The George Town Member said on Thursday that the country’s vulnerability had been demonstrated recently, with the bad weather meaning no ships arriving for a while and supplies in the shops running low.
Miss Seymour wondered if there could be some sort of cottage industry where incentives were given to home-owners who grew perishables, to help them survive in the event of a catastrophe.
She also felt there should be negotiations with neighbouring countries so, if Cayman could not get supplies from the USA, it could get food from places like Jamaica or Honduras.
Leader of Government Business Kurt Tibbetts said a protocol, which allowed for the importation of such things as sweet potatoes and yams was already in place and shipments did arrive.
With regards to incentives for home owners, a programme had been in place for a time, with back yard farmers being given every encouragement, by helping them with plants, seeds and other things, he said.
Mr.
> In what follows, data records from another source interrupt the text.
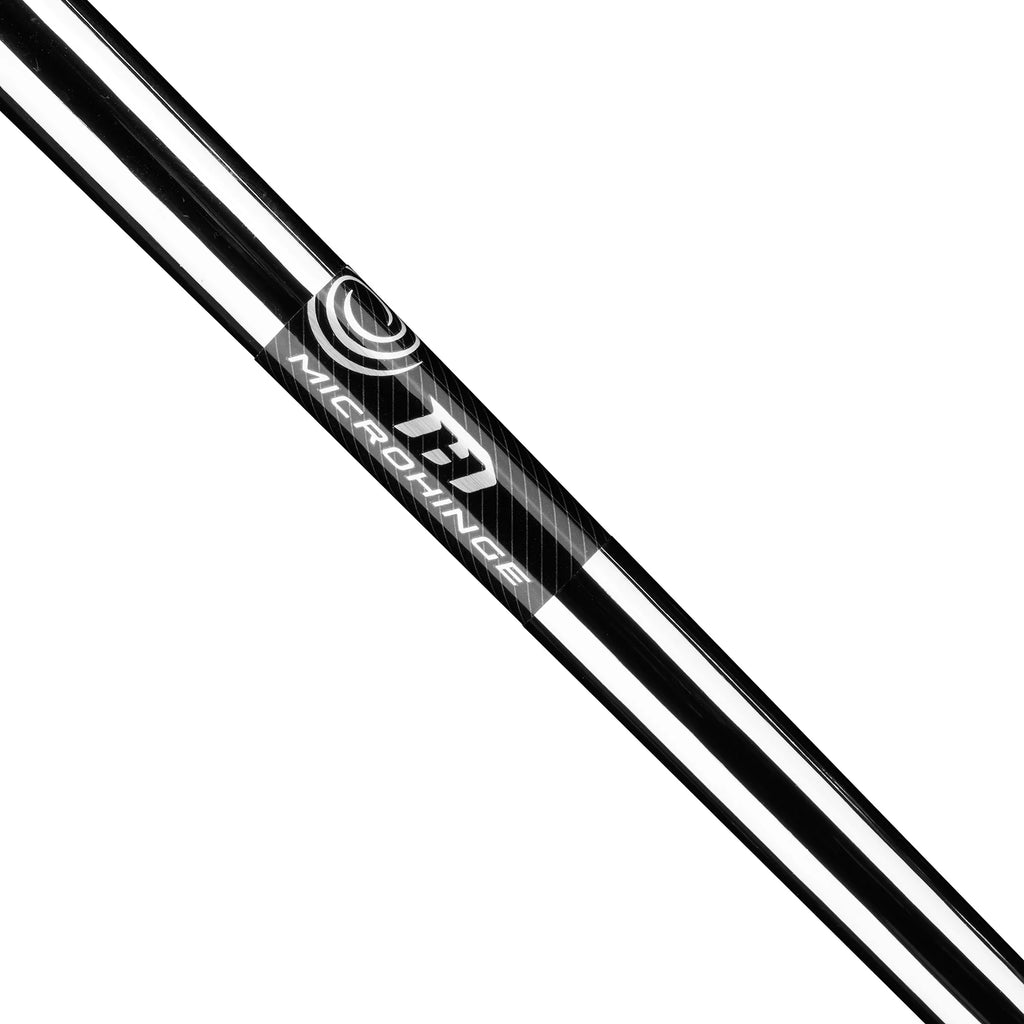 C.Odyssey Microhinge 1 Putter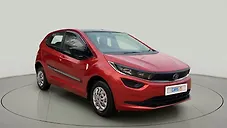 Used Tata Altroz XE Petrol [2020-2023] in Patna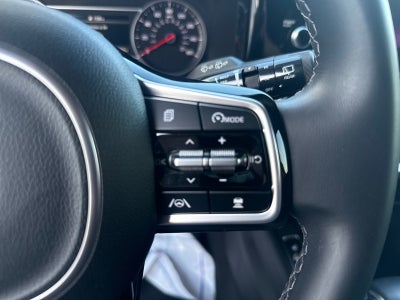 2023 Kia Sorento X-Line EX AWD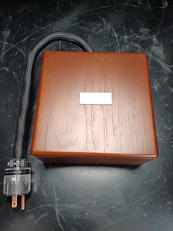 電源コンディショナー|ACOUSTIC REVIVE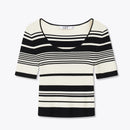 Lily - Tricots - Blanc Cassé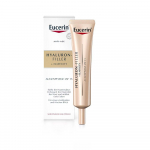 EUCERIN Hyaluron-Filler + Elasticity SPF 15 silma&uuml;mbruskreem 15 ml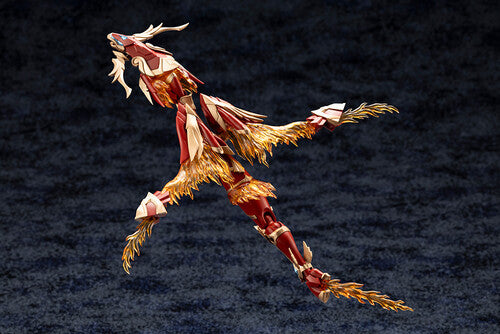 Arcanadea - Xenoalma Blaze Ophis - Arcanadea - Xenoalma Blaze Ophis - Collectibles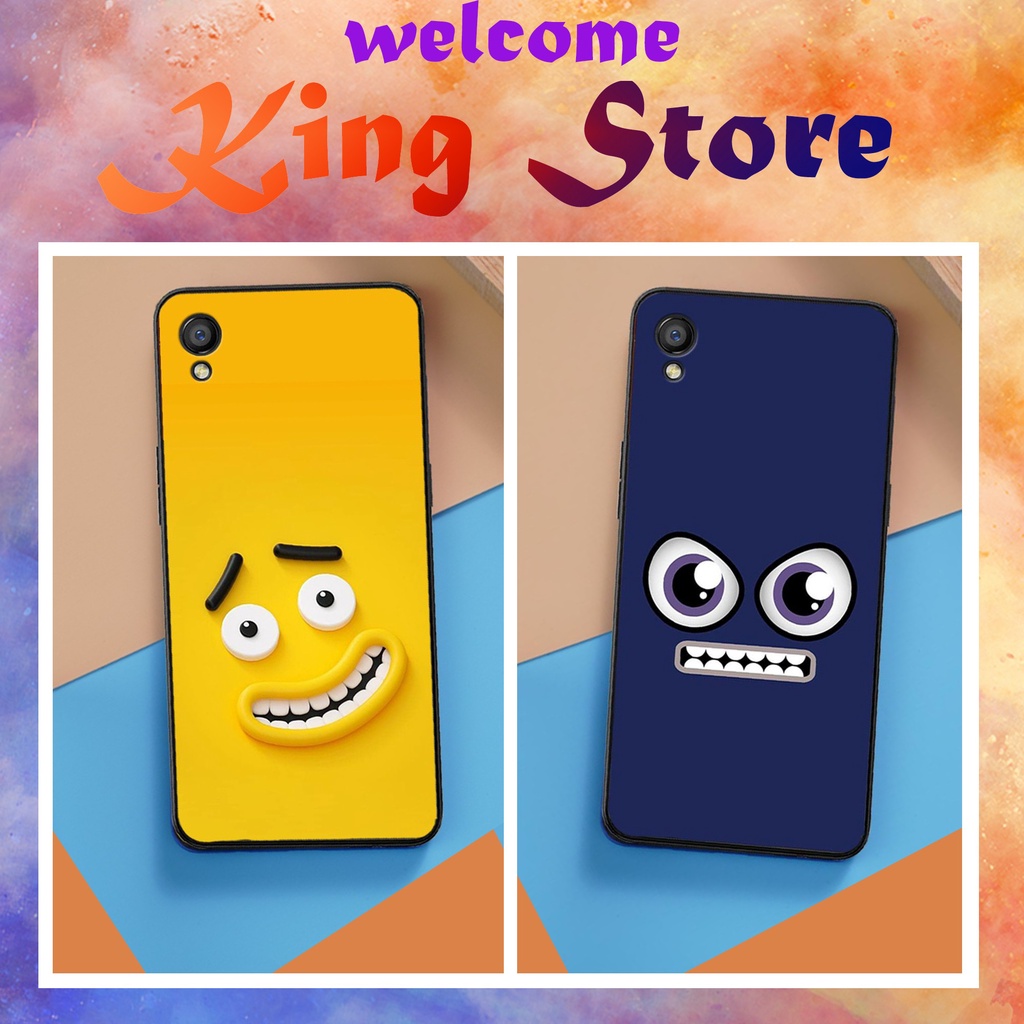 [SIÊU ƯU ĐÃI] Ốp lưng Oppo A33/A35/A37 in hình ICON 3D siêu đẹp, độc, lạ_KINGSTORE.HN_Ốp lưng điện thoại
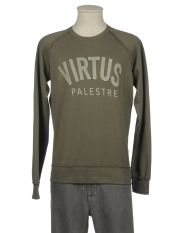 VIRTUS PALESTRE - Sweatshirt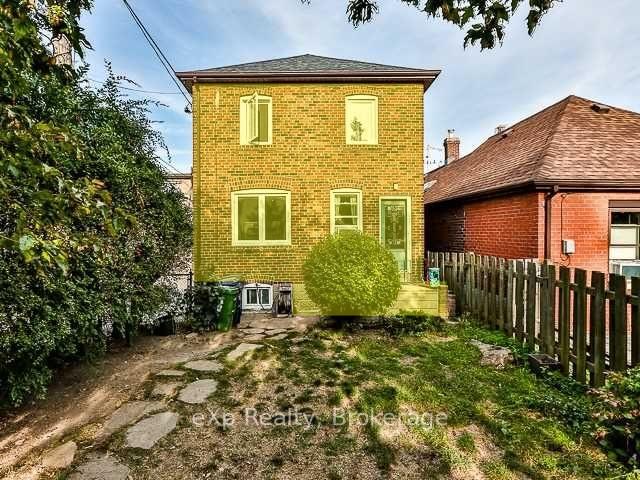 Photo 15 of Unit 02, 36 Second Street, Etobicoke, New Toronto — HOMEH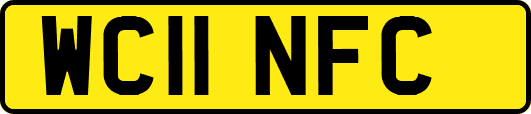 WC11NFC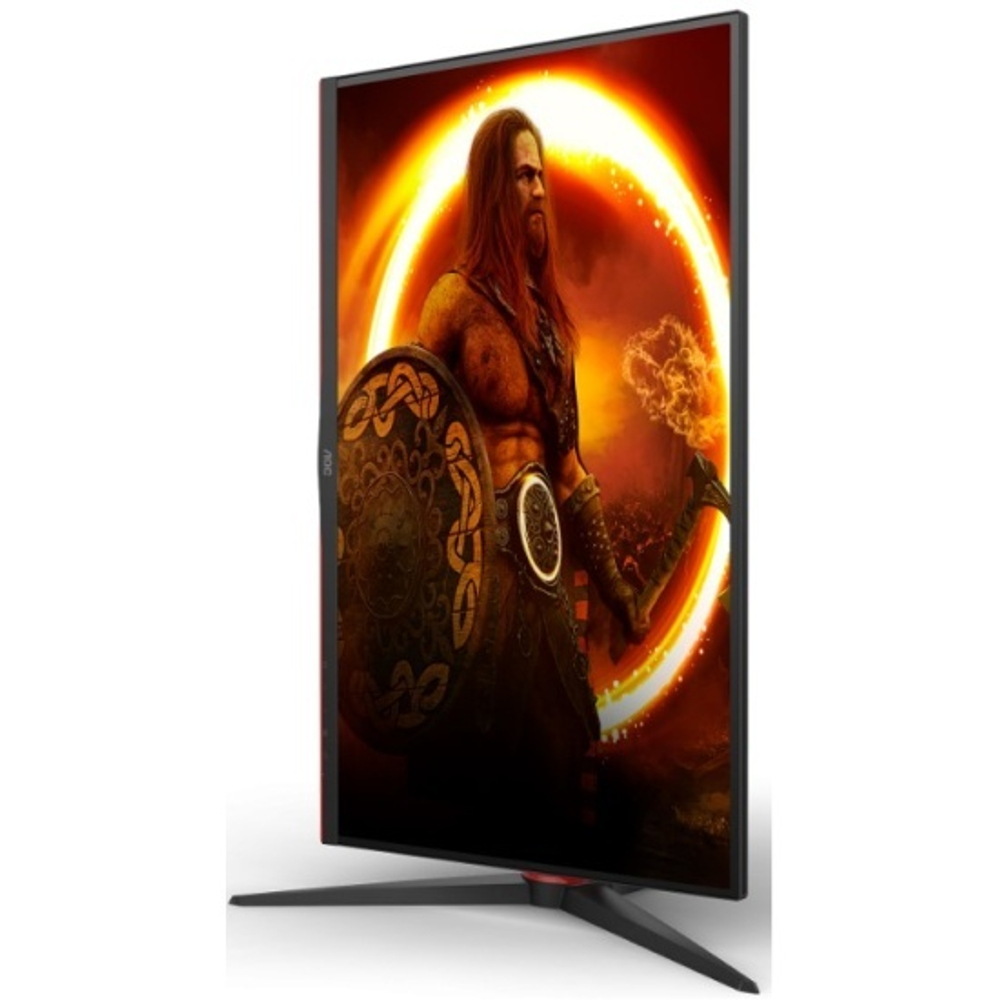 Монитор 27" AOC 27G2SPU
Tibbetts said he was surprised how many home owners had vegetable gardens and fruit trees.
It would be easy to see if there were any more incentives that could be looked at to encourage back yard farmers, he told the committee.
Mr. Tibbetts said, had the recent situation with the ships gone on for two or three days more, alternatives would have been used from the geographical locations already mentioned.
One difficulty was that the boats could not get into port because of the weather. The boats were loaded but could not land, he said.
There had also been problems with the airports in Florida for a few days, he added.
Sister Islands MLA Julianna O’Connor-Connolly told the committee there were a number of incentives on Cayman Brac, but she believed farmers there would be helped by an affordable supply of water.
Mr. Tibbetts said ways of assisting by means of storage tanks and other things were being looked at.